Habib Beye : Le transfert qu’il a regretté, «ça s'est mal passé avec lui»
Bernard Colas -
Journaliste
Passionné de sport, de cinéma et de télévision (à l’écran comme derrière) depuis son enfance, Bernard est journaliste pour le 10 Sport depuis 2018. Plus habile clavier en main que ballon au pied, il décide de couvrir principalement un sport adulé, critiqué et détesté à la fois (le football) et un sport qui n’en est pas un (le catch).

Passé par Strasbourg et l’Olympique de Marseille durant sa carrière de footballeur, Habib Beye a également eu l’occasion de découvrir l’étranger en rejoignant l’Angleterre dès 2007. Après deux saisons à Newcastle, l’ancien international sénégalais était ensuite allé voir ailleurs, une décision qu’il a regretté.
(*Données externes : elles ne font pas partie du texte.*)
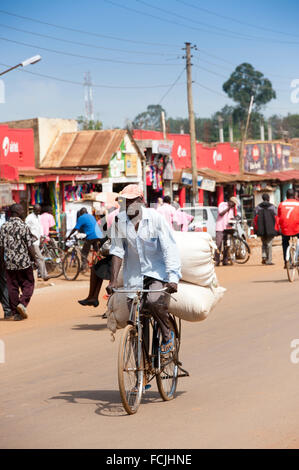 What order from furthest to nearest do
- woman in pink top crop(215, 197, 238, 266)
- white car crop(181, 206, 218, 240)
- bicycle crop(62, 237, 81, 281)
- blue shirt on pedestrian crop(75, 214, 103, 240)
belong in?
white car crop(181, 206, 218, 240) < woman in pink top crop(215, 197, 238, 266) < bicycle crop(62, 237, 81, 281) < blue shirt on pedestrian crop(75, 214, 103, 240)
Nommé à la tête de l’OM en lieu et place de Roberto De Zerbi, Habib Beye a pu retrouver son club de cœur. De 2003 à 2007, l’ancien défenseur a porté le maillot phocéen, jusqu’à son départ en Angleterre. D’abord à Newcastle, puis à Aston Villa qu’il a rejoint en 2009. Un choix que regrette le Sénégalais, comme il l’avait confié auprès de L’Equipe quelques années plus tard.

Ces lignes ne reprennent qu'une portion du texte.